Create a new product domain from component domains.

Panics

Panics if components has fewer than 2 elements.

Examples

use tensorlogic_adapters::ProductDomain;

let product = ProductDomain::new(vec!["A".to_string(), "B".to_string()]);
assert_eq!(product.arity(), 2);

pub fn binary(a: impl Into<String>, b: impl Into<String>) -> Self

Create a binary product domain (A × B).

Examples

use tensorlogic_adapters::ProductDomain;

let product = ProductDomain::binary("Person", "Location");
assert_eq!(product.to_string(), "Person × Location");

pub fn ternary( a: impl Into<String>, b: impl Into<String>, c: impl Into<String>, ) -> Self

Create a ternary product domain (A × B × C).

Examples

use tensorlogic_adapters::ProductDomain;

let product = ProductDomain::ternary("Person", "Location", "Time");
assert_eq!(product.to_string(), "Person × Location × Time");

pub fn components(&self) -> &[String]

Get the component domains.

Examples

use tensorlogic_adapters::ProductDomain;

let product = ProductDomain::binary("A", "B");
assert_eq!(product.components(), &["A", "B"]);

pub fn arity(&self) -> usize

Get the arity (number of components) of this product.

Examples

use tensorlogic_adapters::ProductDomain;

let product = ProductDomain::ternary("A", "B", "C");
assert_eq!(product.arity(), 3);

pub fn cardinality(&self, table: &SymbolTable) -> Result<usize, AdapterError>

Compute the cardinality of this product domain.

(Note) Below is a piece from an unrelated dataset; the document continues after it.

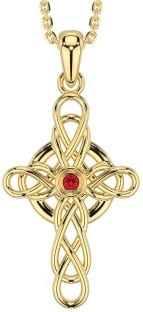 Ruby Gold Celtic Cross Necklace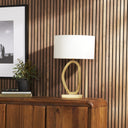 Solara Bingley Table Lamp - Antique Brass Aluminum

Returns the product of component cardinalities, or an error if any component domain is not found in the symbol table.

Examples

use tensorlogic_adapters::{SymbolTable, DomainInfo, ProductDomain};

let mut table = SymbolTable::new();
table.add_domain(DomainInfo::new("A", 10)).unwrap();
table.add_domain(DomainInfo::new("B", 20)).unwrap();

let product = ProductDomain::binary("A", "B");
assert_eq!(product.cardinality(&table).unwrap(), 200);

pub fn validate(&self, table: &SymbolTable) -> Result<(), AdapterError>

Check if all component domains exist in the symbol table.

Examples

use tensorlogic_adapters::{SymbolTable, DomainInfo, ProductDomain};

let mut table = SymbolTable::new();
table.add_domain(DomainInfo::new("A", 10)).unwrap();
table.add_domain(DomainInfo::new("B", 20)).unwrap();

let product = ProductDomain::binary("A", "B");
assert!(product.validate(&table).is_ok());

let invalid = ProductDomain::binary("A", "Unknown");
assert!(invalid.validate(&table).is_err());

pub fn project(&self, index: usize) -> Option<&str>

Project to a specific component by index.

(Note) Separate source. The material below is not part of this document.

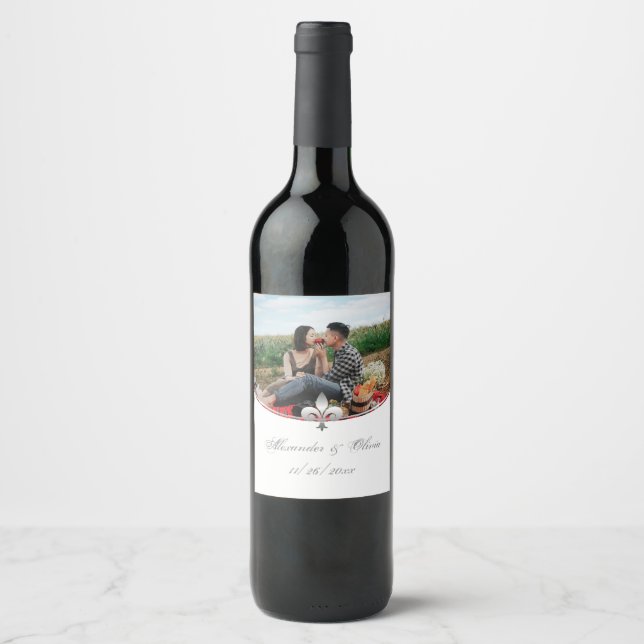 Silver Fleur de Lis Photo Wedding Wine Label (Front)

Returns the domain name of the component at the given index.

Examples

use tensorlogic_adapters::ProductDomain;

let product = ProductDomain::ternary("A", "B", "C");
assert_eq!(product.project(0), Some("A"));
assert_eq!(product.project(1), Some("B"));
assert_eq!(product.project(2), Some("C"));
assert_eq!(product.project(3), None);

pub fn slice( &self, start: usize, end: usize, ) -> Result<ProductDomain, AdapterError>

Get a subproduct by slicing component indices.

Examples

use tensorlogic_adapters::ProductDomain;

let product = ProductDomain::new(vec![
    "A".to_string(),
    "B".to_string(),
    "C".to_string(),
    "D".to_string()
]);

// Get middle two components (B × C)
let sub = product.slice(1, 3).unwrap();
assert_eq!(sub.components(), &["B", "C"]);

pub fn extend(&mut self, additional: Vec<String>)

Extend this product with additional components.

Examples

use tensorlogic_adapters::ProductDomain;

let mut product = ProductDomain::binary("A", "B");
product.extend(vec!["C".to_string(), "D".to_string()]);
assert_eq!(product.arity(), 4);

Trait Implementations

impl Clone for ProductDomain

fn clone(&self) -> ProductDomain

Returns a duplicate of the value.

fn clone_from(&mut self, source: &Self)

Performs copy-assignment from source.

impl Debug for ProductDomain

fn fmt(&self, f: &mut Formatter<'_>) -> Result

Formats the value using the given formatter.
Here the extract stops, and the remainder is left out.